2. calculate generating functions of standard univariate distributions and use them to calculate moments and distributions of sums and mixtures;

3. use generating functions in limiting arguments, including the proofs of the Central Limit Theorem and the Weak Law of Large Numbers;

4. explain the need for careful mathematical argument in probability theory;

5. describe and use the recurrence relation for generation sizes in a Branching Process and determine the probability of ultimate extinction;

6. determine the structure of the state space of a Markov chain from its transition matrix;

7. classify the states of Markov chain by period and limiting behaviour, including the calculation of appropriate limiting probabilities;

8. explain the Ergodic Theorem for Markov chains and use it to calculate limiting time averages from limiting probabilities.

### Brief description

Probability theory is one of the great achievements of 20th Century mathematics and a thorough grounding in it is necessary for further study of stochastic modelling and mathematical statistics. This module provides that grounding, and proves the limit theorems which provide foundations for so many large-sample statistical methods.
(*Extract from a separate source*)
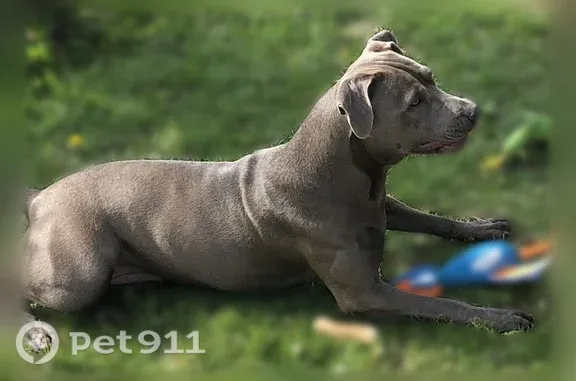 Lost dog, Prospect Avenue, 3334, Kansas City — female with scars above both eyes - photo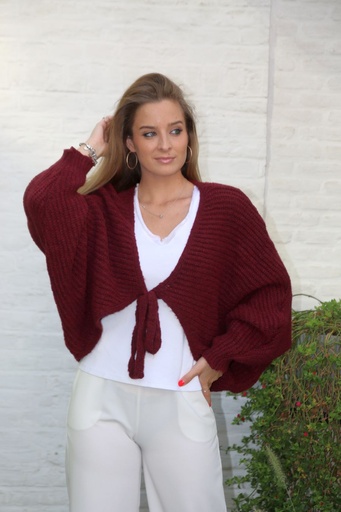 [10017432] Cardigan Lela nm26 XL bolero vleermuismouw lintsluiting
Stochastic Processes are processes that develop in time in a way that is affected by chance, and are used as models for many situations ranging from physics to manpower planning. This module will look at two different sorts of Stochastic Processes, namely Markov chains (whose future development depends only on their present state not their past history) and Branching Processes.

### Aims

To introduce important tools of probability, including conditional expectations and generating functions; to provide students with experience of their use in a variety of problems including proofs of the Central Limit Theorem and the Weak Law of Large Numbers. To introduce students to Branching Processes, to Markov Chains (discrete time, discrete state), and through them to Stochastic Processes in general.

### Content

2. GENERATING FUNCTIONS: Moment generating function (mgf): basic properties, evaluation of moments, distribution of independent sums. Weak Law of Large Numbers; Central Limit Theorem, applications. Probability generating function: basic properties, relationship to mgf, evaluation of probabilities and moments, random sums.

3. BRANCHING PROCESSES: Definition and introduction. Generating functions for the generation sizes. Extinction probabilities.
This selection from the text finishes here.